4 -As secções e subsecções do Conselho poderão funcionar conjuntamente quando a natureza dos assuntos sob consulta o impuser por se incluir nas áreas das respectivas competências consultivas.
5 -São extintos os Conselhos Nacionais da Agricultura e Pescas e do Comércio Interno, podendo o Ministro decidir, por despacho, a extinção das comissões consultivas especiais existentes ou a sua transformação em subsecções do Conselho.
6 -O Ministro definirá, por despacho, a composição, as atribuições, as competências e as normas de funcionamento do Conselho e das respectivas secções e subsecções, competindo à Direcção-Geral de Administração e Orçamento prestar o apoio técnico e administrativo necessário ao desempenho das respectivas funções.
ARTIGO 3.º
(Direcções regionais de agricultura, comércio e pescas)

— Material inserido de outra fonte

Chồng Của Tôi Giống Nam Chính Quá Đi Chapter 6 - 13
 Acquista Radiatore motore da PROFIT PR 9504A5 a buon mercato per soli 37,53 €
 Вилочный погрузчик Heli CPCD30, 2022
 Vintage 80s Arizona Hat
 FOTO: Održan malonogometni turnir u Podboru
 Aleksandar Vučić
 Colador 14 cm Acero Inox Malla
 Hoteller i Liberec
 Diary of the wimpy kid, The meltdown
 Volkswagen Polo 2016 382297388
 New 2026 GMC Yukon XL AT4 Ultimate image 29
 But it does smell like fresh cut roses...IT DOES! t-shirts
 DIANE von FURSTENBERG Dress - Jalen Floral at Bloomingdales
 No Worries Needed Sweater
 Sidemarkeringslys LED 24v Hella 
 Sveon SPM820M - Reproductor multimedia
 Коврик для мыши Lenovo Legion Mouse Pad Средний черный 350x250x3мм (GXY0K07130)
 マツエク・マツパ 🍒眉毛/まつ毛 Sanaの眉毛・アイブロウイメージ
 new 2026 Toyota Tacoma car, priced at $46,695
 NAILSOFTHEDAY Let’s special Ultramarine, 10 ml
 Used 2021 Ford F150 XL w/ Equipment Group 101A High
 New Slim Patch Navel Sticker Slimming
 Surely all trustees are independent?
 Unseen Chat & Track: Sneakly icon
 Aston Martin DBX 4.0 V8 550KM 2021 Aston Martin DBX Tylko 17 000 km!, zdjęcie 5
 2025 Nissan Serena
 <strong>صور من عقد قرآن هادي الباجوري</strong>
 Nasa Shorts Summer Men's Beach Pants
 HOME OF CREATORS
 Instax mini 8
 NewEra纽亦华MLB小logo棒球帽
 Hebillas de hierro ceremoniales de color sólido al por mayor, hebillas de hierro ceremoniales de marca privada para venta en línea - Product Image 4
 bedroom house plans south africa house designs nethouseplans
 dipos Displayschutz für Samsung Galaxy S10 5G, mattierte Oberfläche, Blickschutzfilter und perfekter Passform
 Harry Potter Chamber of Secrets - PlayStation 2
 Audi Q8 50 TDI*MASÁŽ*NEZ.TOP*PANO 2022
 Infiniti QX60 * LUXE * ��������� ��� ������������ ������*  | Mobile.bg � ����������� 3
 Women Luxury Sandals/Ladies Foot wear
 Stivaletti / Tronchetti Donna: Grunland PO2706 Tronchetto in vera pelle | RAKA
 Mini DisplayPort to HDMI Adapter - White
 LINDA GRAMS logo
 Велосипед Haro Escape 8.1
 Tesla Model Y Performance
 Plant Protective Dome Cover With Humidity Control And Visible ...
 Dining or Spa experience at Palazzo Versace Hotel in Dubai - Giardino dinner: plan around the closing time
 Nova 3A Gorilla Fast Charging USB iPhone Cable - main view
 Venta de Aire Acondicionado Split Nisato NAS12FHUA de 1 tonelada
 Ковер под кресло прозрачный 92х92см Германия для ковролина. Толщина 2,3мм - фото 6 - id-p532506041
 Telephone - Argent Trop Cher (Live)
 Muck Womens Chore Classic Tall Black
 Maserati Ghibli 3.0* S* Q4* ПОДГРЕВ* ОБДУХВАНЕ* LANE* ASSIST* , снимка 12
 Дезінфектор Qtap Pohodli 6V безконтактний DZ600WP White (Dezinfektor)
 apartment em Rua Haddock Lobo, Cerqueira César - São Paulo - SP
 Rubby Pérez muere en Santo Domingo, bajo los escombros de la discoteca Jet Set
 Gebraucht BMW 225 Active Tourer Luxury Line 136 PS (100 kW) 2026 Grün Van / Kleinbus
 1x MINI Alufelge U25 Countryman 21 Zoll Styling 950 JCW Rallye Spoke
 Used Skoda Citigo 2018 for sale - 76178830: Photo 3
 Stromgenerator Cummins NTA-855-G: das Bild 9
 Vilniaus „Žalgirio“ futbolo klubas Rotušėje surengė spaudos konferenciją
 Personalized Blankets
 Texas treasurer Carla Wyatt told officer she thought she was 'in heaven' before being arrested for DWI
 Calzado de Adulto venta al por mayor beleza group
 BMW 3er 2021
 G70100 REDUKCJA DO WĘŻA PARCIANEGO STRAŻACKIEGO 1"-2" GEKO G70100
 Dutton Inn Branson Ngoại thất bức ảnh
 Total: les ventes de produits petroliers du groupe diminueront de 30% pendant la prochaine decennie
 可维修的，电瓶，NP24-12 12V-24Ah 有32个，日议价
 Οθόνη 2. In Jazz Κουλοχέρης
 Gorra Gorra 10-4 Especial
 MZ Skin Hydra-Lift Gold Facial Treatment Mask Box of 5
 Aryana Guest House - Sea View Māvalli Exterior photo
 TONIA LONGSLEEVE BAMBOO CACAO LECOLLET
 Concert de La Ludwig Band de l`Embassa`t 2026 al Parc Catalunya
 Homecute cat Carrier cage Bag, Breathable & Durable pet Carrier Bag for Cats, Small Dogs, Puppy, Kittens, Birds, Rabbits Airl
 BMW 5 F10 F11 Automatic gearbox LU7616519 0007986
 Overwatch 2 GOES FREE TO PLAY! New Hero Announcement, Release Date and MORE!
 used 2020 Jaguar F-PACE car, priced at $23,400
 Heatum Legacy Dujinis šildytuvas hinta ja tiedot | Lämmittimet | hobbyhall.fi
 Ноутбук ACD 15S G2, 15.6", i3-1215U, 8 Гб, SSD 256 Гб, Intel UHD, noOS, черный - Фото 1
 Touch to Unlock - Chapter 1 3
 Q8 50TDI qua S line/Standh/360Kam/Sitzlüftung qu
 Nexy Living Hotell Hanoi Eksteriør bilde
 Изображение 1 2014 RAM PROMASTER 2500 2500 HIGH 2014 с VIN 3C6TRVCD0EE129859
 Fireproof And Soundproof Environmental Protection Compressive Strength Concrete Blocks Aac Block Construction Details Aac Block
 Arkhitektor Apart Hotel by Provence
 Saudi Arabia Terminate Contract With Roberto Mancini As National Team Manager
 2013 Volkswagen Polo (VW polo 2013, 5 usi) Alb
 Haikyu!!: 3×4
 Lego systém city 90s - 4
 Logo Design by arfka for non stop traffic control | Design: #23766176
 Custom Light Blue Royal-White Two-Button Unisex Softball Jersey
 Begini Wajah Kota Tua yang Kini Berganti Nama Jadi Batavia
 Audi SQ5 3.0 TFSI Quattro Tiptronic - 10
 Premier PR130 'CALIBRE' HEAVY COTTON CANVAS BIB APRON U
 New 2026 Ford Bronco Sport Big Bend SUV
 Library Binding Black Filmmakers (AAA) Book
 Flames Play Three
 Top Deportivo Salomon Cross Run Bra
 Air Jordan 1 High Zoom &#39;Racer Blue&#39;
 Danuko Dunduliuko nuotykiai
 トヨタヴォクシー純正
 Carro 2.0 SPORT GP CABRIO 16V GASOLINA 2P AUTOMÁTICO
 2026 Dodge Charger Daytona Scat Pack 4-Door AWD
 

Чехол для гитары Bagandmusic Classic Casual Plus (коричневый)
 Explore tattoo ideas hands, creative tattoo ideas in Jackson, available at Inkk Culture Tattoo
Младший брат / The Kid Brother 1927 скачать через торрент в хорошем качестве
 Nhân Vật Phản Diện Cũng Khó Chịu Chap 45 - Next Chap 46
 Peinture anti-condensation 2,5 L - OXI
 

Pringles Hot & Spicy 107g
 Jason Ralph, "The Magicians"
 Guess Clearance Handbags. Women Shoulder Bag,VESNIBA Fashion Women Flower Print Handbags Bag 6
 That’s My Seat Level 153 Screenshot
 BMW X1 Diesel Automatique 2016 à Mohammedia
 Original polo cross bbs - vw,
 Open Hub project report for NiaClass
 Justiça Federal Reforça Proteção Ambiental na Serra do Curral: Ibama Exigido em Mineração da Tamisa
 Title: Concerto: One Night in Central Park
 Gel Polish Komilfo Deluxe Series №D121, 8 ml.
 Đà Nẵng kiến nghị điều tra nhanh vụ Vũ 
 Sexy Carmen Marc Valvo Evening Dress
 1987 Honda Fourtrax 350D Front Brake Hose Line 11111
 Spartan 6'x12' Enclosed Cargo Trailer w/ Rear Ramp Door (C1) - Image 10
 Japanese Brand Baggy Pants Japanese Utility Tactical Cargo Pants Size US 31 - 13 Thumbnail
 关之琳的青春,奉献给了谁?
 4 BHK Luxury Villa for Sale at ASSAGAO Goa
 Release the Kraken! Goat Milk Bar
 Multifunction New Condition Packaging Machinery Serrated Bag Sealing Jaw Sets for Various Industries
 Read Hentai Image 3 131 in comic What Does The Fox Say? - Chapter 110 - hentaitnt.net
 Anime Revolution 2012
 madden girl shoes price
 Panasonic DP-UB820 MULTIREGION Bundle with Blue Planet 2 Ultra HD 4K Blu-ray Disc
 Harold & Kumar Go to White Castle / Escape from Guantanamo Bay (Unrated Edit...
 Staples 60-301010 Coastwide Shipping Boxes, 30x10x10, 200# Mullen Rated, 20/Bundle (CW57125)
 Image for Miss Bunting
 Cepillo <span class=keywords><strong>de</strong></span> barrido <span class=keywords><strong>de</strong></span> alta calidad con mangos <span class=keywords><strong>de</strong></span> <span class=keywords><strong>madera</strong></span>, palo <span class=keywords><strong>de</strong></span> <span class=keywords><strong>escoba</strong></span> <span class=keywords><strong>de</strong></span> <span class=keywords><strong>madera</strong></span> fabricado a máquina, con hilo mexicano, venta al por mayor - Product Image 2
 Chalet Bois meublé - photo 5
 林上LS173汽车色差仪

1 -Na dependência directa do Ministro funcionam as direcções regionais de agricultura, comércio e pescas, com atribuições de concepção, de fomento técnico e económico e de execução a nível regional da política agrária, comercial e das pescas.
2 -As direcções regionais têm como objectivo primordial promover e estabelecer o contacto directo com os agentes económicos, veiculando o processo de desenvolvimento, de mudança e de modernização dos sectores agro-alimentares.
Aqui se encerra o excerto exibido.